Os tremores, semelhantes a pequenos sismos, ocorrem durante shows na praça
Horácio Lafer, ao lado da praia e do morro do Maluf. A causa, diz laudo do IPT (Instituto de Pesquisas Tecnológicas), é o peso do público sobre o
solo instável à beira da praia. "As vibrações têm sua origem na movimentação de milhares de pessoas ao ritmo das músicas", diz o laudo. As vibrações
se propagam como em uma gelatina.
O impacto do [?] provoca no
solo o mesmo que as crianças fazem quando batem na areia molhada na praia: ela vai se misturando à água até ficar com aparência líquida. O local
fica amolecido, vibra e desestrutura o solo.

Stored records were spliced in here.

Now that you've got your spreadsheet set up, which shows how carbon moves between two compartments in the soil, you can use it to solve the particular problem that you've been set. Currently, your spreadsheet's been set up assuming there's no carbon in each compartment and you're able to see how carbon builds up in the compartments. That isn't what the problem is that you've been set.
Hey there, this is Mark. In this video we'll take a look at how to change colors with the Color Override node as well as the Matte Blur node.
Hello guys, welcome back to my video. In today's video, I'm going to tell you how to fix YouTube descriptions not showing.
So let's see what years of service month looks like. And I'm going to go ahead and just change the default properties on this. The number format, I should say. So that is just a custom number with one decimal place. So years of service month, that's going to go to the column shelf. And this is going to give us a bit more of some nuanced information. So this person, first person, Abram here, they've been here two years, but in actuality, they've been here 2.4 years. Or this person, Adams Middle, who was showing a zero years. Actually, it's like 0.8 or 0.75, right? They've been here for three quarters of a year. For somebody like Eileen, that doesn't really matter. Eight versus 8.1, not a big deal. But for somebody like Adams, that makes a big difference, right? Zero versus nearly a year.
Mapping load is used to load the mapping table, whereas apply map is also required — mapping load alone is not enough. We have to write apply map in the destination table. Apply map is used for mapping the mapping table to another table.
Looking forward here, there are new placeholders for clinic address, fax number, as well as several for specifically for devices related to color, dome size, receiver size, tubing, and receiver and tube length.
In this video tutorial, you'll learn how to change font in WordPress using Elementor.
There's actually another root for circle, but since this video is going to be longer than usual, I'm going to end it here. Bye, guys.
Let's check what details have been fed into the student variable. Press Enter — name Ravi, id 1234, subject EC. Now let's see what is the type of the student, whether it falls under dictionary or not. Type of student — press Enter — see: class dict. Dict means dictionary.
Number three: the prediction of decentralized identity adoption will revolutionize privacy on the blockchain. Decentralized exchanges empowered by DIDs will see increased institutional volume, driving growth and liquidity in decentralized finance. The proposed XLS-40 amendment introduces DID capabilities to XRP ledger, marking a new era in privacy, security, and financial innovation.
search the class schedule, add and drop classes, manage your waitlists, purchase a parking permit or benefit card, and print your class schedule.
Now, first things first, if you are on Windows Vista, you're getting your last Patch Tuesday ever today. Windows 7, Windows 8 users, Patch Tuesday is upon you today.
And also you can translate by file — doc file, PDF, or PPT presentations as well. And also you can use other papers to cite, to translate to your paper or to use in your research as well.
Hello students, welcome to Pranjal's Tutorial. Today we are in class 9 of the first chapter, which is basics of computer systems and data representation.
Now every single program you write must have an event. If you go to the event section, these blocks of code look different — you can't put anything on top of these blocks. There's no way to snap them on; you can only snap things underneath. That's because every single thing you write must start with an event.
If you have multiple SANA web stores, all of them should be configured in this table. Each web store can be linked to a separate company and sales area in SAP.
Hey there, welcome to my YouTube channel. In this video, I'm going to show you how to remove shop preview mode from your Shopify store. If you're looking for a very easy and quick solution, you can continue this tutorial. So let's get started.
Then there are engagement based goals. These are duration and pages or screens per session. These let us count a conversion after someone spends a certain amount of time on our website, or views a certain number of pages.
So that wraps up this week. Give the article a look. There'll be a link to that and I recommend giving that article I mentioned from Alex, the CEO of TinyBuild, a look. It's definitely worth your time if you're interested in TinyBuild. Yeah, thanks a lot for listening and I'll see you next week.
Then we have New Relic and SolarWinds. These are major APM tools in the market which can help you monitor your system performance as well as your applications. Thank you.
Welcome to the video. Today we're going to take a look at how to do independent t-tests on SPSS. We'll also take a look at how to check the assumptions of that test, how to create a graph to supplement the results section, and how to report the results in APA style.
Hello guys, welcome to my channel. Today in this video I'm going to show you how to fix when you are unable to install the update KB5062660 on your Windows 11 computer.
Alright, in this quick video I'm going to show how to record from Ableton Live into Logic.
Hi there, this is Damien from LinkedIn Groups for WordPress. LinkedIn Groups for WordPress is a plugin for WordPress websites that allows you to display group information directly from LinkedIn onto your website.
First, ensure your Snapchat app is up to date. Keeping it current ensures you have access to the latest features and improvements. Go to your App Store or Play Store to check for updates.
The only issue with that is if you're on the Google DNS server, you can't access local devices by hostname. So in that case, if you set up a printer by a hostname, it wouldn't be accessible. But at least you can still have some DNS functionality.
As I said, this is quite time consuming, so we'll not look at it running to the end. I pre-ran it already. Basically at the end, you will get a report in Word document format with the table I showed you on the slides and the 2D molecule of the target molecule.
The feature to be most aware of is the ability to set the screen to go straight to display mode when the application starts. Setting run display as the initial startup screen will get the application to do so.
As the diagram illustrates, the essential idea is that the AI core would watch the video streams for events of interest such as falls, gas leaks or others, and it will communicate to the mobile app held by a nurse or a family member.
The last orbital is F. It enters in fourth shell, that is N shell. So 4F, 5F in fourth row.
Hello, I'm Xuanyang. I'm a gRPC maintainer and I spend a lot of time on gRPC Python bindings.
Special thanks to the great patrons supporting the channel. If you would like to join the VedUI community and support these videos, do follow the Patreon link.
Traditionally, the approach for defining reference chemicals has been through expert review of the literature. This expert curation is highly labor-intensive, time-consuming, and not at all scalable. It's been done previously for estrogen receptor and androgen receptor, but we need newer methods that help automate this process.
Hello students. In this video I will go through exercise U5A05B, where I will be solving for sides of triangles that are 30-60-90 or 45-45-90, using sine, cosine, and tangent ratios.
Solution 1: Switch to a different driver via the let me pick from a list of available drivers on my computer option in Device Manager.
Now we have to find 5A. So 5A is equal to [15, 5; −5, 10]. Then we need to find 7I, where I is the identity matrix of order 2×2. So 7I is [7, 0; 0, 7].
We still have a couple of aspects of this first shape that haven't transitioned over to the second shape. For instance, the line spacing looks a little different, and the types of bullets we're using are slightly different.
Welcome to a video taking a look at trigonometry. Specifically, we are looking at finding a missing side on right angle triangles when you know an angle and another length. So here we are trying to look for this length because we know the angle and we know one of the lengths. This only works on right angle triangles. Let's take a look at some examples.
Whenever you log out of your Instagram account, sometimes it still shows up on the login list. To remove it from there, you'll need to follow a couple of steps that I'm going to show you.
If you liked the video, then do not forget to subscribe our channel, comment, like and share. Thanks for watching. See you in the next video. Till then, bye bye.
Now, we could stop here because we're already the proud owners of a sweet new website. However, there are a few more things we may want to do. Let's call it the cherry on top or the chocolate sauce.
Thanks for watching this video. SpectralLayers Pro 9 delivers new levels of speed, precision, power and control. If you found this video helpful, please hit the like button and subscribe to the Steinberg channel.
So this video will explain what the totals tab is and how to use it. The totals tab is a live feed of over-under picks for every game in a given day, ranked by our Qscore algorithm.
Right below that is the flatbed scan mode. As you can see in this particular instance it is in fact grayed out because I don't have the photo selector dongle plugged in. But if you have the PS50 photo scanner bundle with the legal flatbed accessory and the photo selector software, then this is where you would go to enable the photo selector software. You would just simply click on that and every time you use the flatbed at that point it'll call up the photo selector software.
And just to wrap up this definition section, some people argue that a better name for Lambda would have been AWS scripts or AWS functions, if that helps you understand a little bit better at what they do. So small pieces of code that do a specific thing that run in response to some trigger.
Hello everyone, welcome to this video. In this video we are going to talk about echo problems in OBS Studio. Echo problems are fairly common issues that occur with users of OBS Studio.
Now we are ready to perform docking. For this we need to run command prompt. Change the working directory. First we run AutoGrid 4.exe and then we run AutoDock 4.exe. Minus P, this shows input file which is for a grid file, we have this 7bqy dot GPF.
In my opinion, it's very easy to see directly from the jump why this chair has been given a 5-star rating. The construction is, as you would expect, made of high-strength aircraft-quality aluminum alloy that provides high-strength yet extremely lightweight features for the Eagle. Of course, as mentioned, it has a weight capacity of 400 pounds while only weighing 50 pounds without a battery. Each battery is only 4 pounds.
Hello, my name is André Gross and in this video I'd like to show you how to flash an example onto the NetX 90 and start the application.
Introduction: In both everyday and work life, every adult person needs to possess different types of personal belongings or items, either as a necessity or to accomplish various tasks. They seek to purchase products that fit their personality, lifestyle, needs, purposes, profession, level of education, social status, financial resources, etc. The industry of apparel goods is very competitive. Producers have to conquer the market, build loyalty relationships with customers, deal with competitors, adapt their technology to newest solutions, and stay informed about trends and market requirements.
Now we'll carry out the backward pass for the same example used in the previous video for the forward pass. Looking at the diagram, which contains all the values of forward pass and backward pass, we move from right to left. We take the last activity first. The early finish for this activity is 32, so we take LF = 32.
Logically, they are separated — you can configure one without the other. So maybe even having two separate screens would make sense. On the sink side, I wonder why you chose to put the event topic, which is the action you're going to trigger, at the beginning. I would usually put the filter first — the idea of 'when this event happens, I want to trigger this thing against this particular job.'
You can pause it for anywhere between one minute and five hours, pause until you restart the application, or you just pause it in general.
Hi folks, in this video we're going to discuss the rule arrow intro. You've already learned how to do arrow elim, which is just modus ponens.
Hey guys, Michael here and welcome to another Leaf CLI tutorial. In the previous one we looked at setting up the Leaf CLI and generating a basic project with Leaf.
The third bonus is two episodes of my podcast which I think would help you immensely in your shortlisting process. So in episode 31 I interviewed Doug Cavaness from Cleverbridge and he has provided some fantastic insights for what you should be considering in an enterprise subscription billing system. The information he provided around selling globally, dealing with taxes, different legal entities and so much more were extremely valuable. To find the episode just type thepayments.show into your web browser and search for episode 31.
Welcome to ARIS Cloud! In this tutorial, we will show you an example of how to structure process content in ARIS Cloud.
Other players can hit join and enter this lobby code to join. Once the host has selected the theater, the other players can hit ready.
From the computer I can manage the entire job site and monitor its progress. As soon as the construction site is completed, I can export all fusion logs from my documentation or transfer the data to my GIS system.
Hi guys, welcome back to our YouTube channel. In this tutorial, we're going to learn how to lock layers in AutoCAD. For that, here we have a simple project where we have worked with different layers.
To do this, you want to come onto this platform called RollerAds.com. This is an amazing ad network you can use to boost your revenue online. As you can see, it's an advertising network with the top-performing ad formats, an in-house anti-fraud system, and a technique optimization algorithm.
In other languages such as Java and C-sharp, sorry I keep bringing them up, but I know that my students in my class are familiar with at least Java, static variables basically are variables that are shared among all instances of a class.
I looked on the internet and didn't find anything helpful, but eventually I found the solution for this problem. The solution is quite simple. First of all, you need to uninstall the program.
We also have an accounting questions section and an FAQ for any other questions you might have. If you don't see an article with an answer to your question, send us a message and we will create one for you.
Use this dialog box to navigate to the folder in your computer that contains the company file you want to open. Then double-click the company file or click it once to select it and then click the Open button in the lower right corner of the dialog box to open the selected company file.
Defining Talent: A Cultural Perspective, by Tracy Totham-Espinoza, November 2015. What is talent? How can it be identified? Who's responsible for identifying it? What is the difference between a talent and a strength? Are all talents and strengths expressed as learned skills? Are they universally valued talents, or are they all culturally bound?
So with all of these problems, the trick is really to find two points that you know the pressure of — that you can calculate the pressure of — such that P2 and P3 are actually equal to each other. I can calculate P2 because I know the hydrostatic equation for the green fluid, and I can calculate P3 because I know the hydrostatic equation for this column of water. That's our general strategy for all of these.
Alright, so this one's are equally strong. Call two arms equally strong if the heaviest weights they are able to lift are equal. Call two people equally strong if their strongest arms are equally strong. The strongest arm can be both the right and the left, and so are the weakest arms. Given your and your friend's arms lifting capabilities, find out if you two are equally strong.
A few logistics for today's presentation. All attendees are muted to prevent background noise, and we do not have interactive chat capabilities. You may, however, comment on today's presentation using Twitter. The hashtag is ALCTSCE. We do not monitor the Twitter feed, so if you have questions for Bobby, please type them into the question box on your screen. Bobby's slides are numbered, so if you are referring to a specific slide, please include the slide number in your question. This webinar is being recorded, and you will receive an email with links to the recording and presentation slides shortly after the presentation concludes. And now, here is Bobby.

Para o IPT, as edificações devem ser monitoradas sempre que o público na praça for
superior a 12,5 mil pessoas. A Folha esteve em um apartamento de um dos prédios na sexta-feira passada, durante o show de Ivete
Sangalo, da meia-noite até a 1h.
À 0h24, surge o primeiro sinal do tremor. Colchões de molas começam a ranger e, logo
em seguida, o mesmo ocorre com a árvore de Natal montada na sala. A televisão quase cai. Em pé, a sensação é semelhante à de estar em um ônibus em
movimento.
A água colocada em recipientes sobre a mesa da sala tem pequenas ondas o tempo todo,
mesmo quando objetos param de se mover. Ivete Sangalo, à 0h57, pára a música e começa a falar. Quando ela volta a cantar, os mesmos fenômenos se
repetem.
O alerta de que o pânico gerado pelo Réveillon 2003 poderia se repetir chegou em
outubro ao Ministério Público do Guarujá, que recebeu um pedido de ação para proibir os shows deste ano. No entanto, o laudo do IPT diz que,
fora o incômodo para quem está nos prédios, não há risco para edificações, e o caso foi arquivado.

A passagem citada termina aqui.